Parlement of Brittany

Particularly vocal in its resistance to the financial edicts of 1763 was the Parlement of Rennes, which had jurisdiction in the province of Brittany. A series of "remonstrances," issued by this court between 1763 and 1765, reveal the conflict between the parlementarians and the crown. At first, the magistrates merely protested the proposed new taxes, but when several of them were arrested for defying the King’s orders, the rest argued that they had a collective obligation to protest royal decrees that, in their view, violated the traditional "liberties" of the region. The Breton magistrates later voiced opposition to the crown’s efforts to remove them and in their place seat a new, more docile court. Particularly infuriating to the magistrates were the machinations of the regional governor, the Duke d’Aguillon, who came from a long–standing, aristocratic Breton family, who therefore saw as rivals the "robe" nobles of the parlement. D’Aguillon tried to discredit Louis René Caradeuc de La Chalotais, the public prosecutor loyal to the parlement, by accusing him of sending threatening letters to the King. Here we see an effort by the Breton Parlement to stand up for its rights.


11 August 1764

Sire,

The magistracy of your kingdom has been continuously resented by those who have undertaken to change the principles of government. At this moment, your parlement is undergoing cruel proof of this. Brittany has exemptions and immunities which have never been touched, consecrated by the most authentic titles. They form a law similar to the common law of the kingdom, which was peacefully enforced until recently.
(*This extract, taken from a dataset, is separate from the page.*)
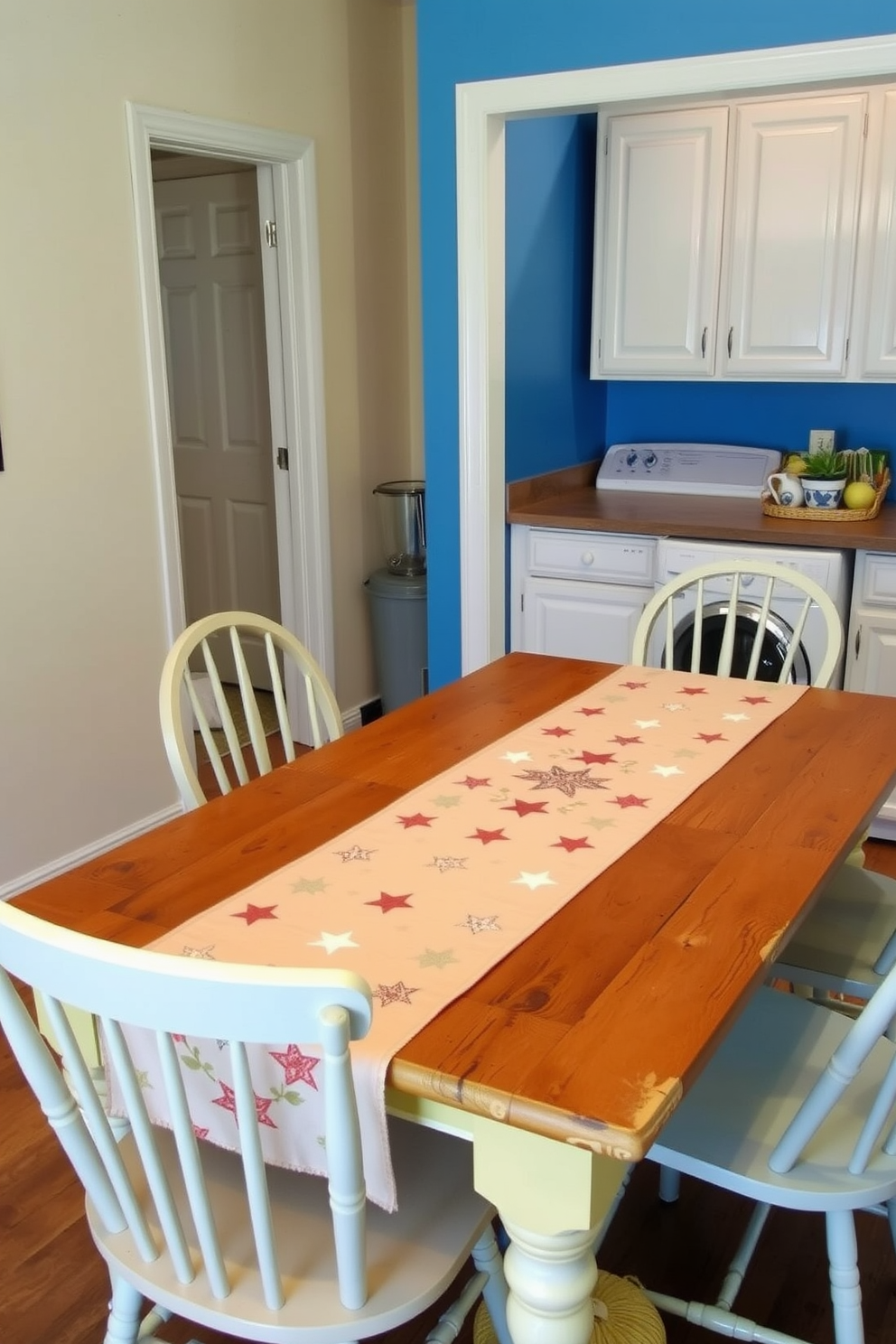 A seasonal table runner adorned with stars stretches elegantly across a rustic wooden dining table. Surrounding the table are mismatched chairs in soft pastel hues, creating a cheerful and inviting atmosphere. In the laundry room, bright white cabinets contrast with a vibrant blue accent wall. A decorative shelf displays neatly folded towels and a potted plant, adding a touch of warmth and personality to the space.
The administration of Saint Louis [IX], the decisions of the Estates-General at the beginning of the thirteenth century, and the rulings of 1355, 1560, and 1576, allow little doubt that under the common law of France the consent of the three orders in the assembly of the Estates-General is required to establish or prorogate taxes. . . .

Sire, your parlement, trustee of the laws of the kingdom and guardian of the province’s exemptions and freedoms, has not been able to simply watch them come under attack without calling for Your Majesty’s justice against this abuse of his authority.
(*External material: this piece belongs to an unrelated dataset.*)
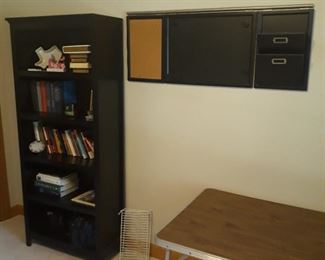 Black office type shelf with matching posting board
Bound by oath to this precious duty, it can not maintain a guilty silence when the law is being broken. In a monarchical state, it is the preservation of the law which guarantees the security of the monarch and his subjects. This form of government, more perfect than all others, assures that a prince like Your Majesty who wishes to reign in accordance with the laws, will receive the obedience and love of his subjects. Quite unlike despots who recognize no other law than that of their own will, Your Majesty has nothing to fear from these resolutions inspired by tyranny. His will is always in harmony with the law that his people have voluntarily received, consequently the people’s will shall always reflect that of his majesty. . . .

We cannot keep it from you Sire. For a long time now, there has been those working to subjugate a free province of your fortunate realm. The constitution is being undermined and overturned. Everywhere limitations are being placed on the exemptions and freedoms which you yourself enlist us to preserve. The mayors and city representatives to the estates, elected from time immemorial by free vote in the community, can now only be elected with the approval of your commissioners. These commissioners must now also approve the choice, previously made freely by the province, of the men entrusted to distribute and collect the subscribed taxes. Finally, by a surprising order of your council on 12 October 1762, the estates were crushed by destroying their essential and original institution.

A decision which, though couched in no legal form, discounts all titles and customs, rulings and constitutions, common law and national law. A decision which, without any exemptive clause, contradicts and abrogates the oldest and wisest laws, and cannot but be regarded as having been falsely defended to Your Majesty. Sire, in general such is the administration whose members had the temerity to assure you that the province was satisfied.